## To do
Your job is to give again, exactly and with no additions, the lines in the records below from the one with "Beige Georgette Resham" through the one with "A young Bangladeshi", both included. Omit the pictures.

-- Information shown follows --

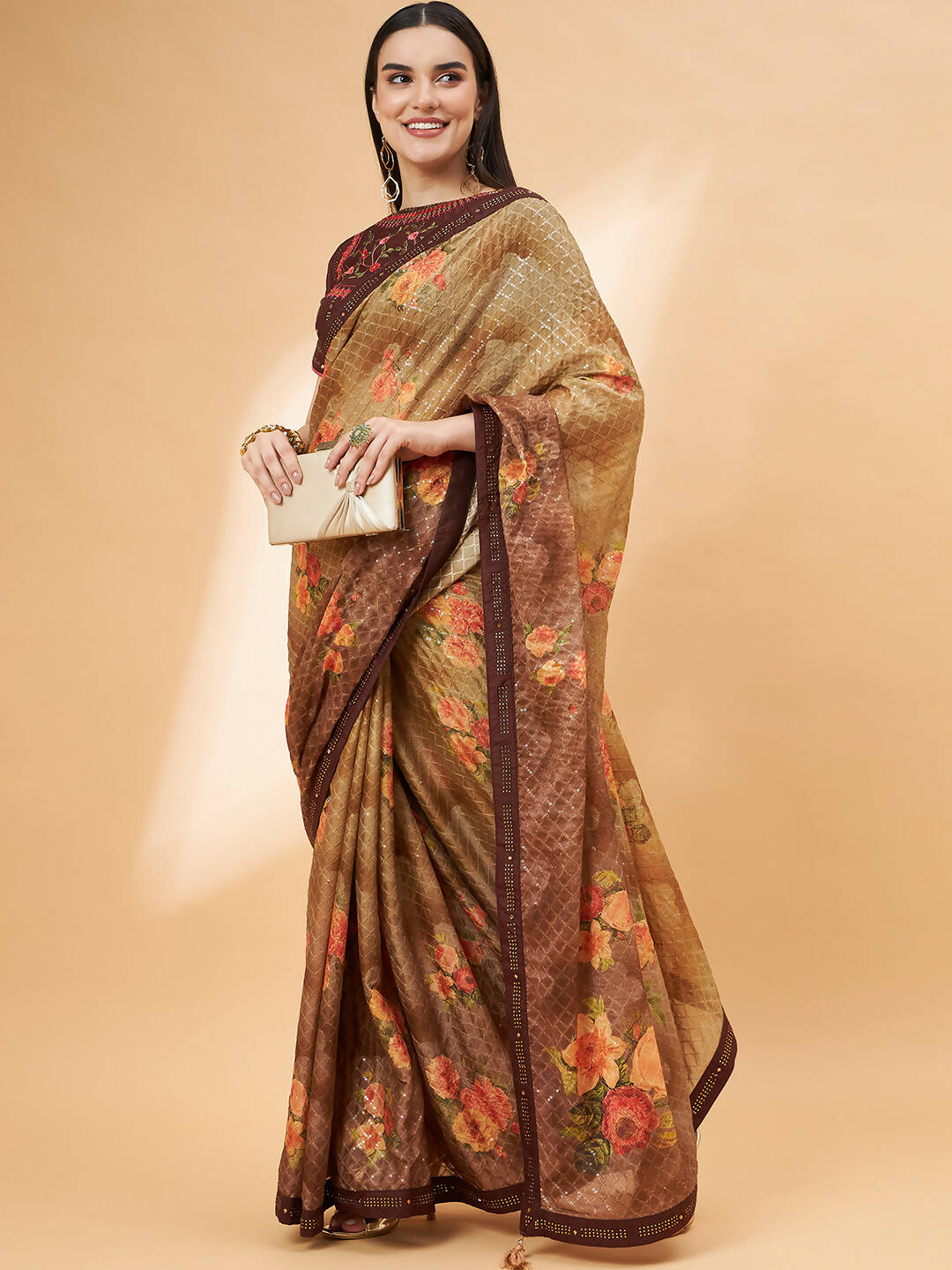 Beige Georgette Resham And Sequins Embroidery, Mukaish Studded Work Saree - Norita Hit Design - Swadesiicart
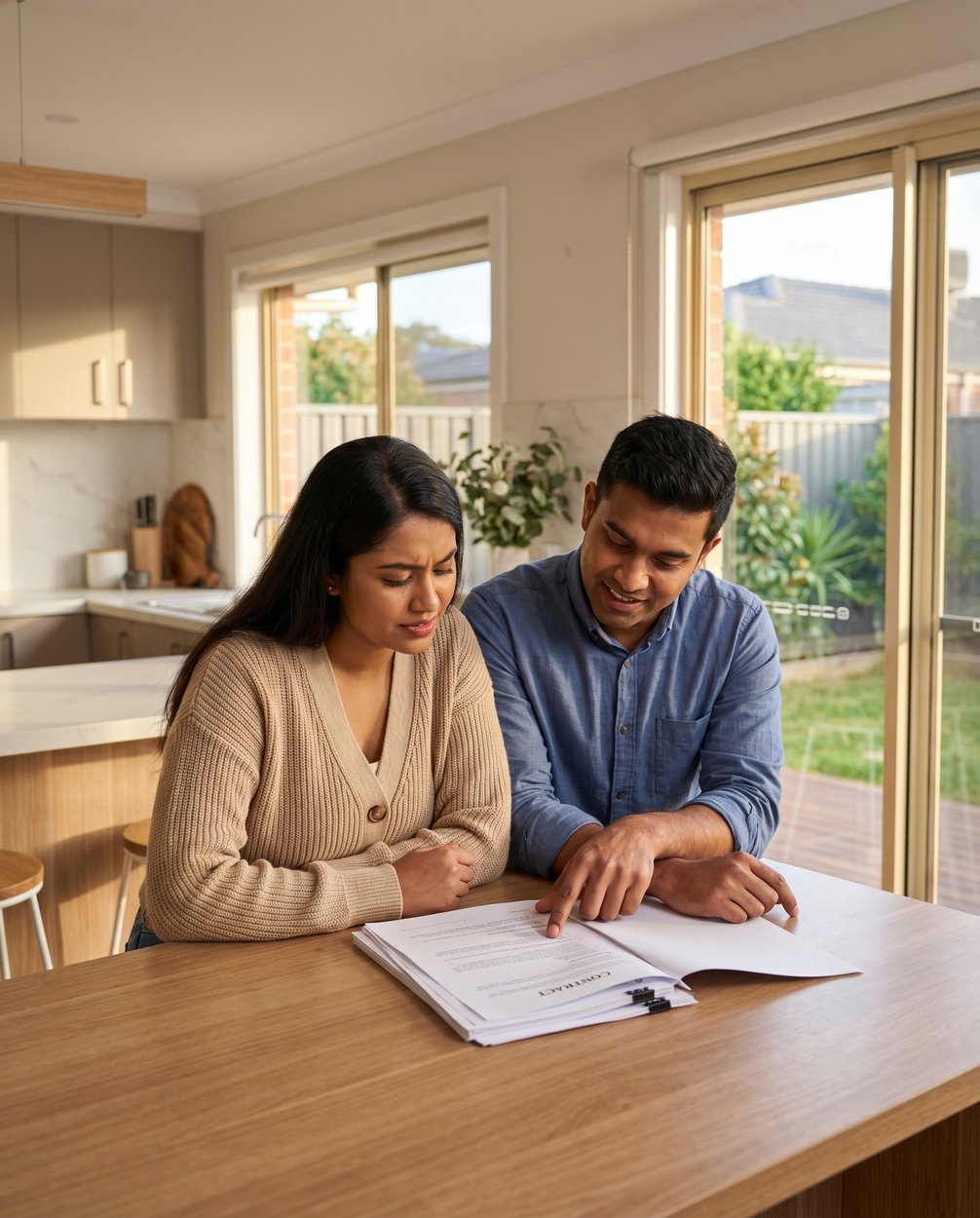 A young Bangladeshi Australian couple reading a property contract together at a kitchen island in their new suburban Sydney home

-- Information shown concluded --
-- Information shown follows --

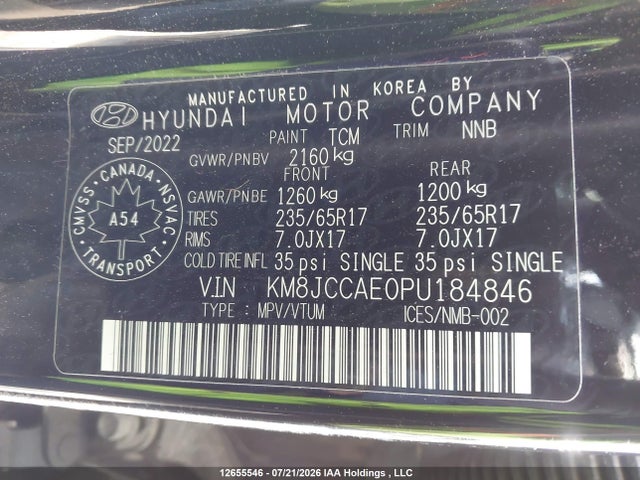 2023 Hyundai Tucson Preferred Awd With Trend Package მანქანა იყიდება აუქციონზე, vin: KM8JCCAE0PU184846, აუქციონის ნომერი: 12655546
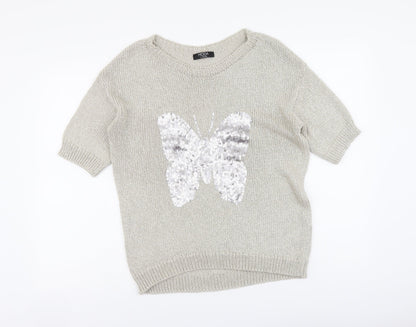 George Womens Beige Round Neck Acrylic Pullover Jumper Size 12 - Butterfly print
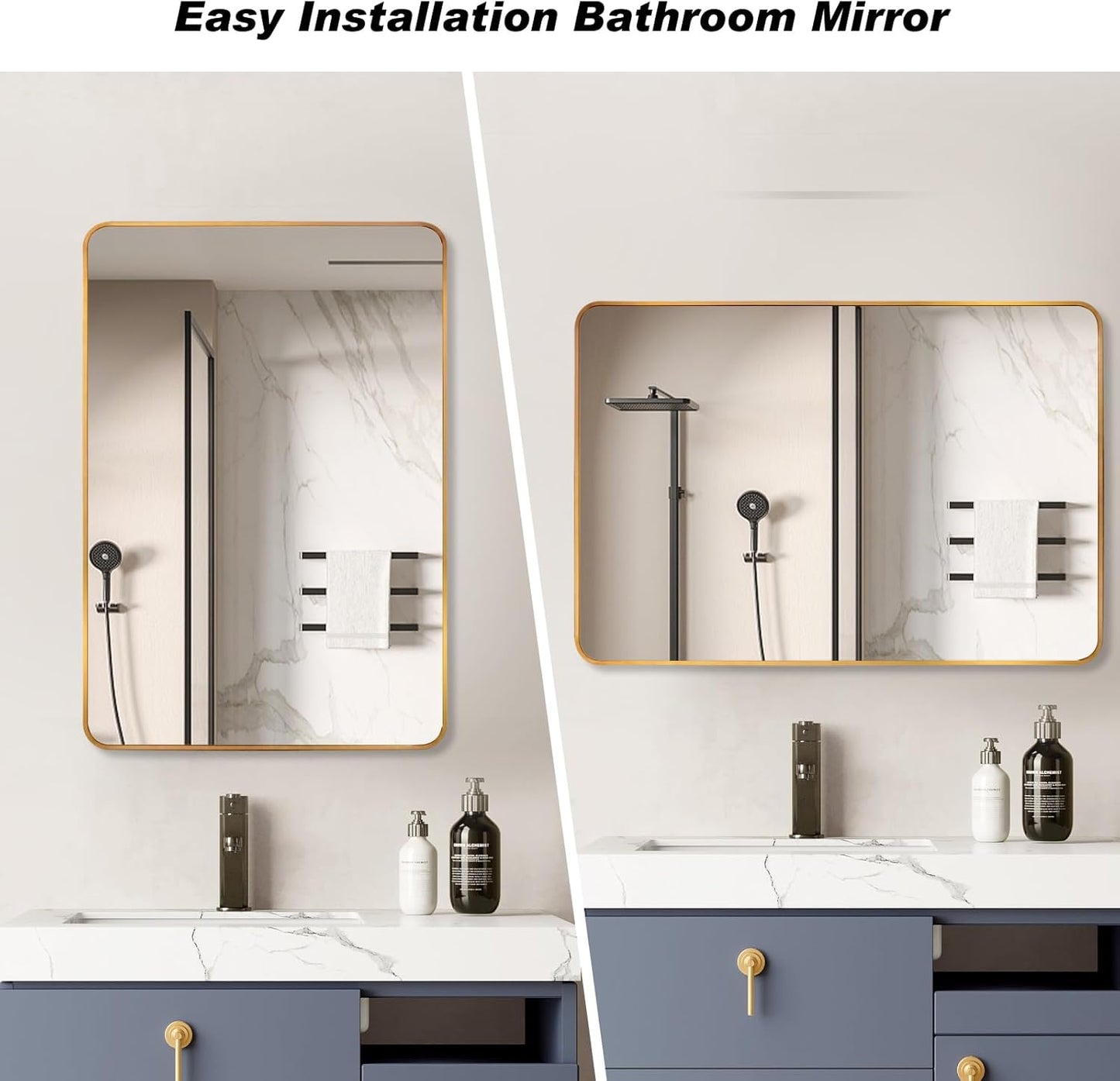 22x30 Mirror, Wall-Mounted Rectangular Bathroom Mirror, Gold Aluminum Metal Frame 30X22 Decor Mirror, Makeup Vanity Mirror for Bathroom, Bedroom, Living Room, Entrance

-- Information shown concluded --

## The completed task
 Beige Georgette Resham And Sequins Embroidery, Mukaish Studded Work Saree - Norita Hit Design - Swadesiicart
 A young Bangladeshi Australian couple reading a property contract together at a kitchen island in their new suburban Sydney home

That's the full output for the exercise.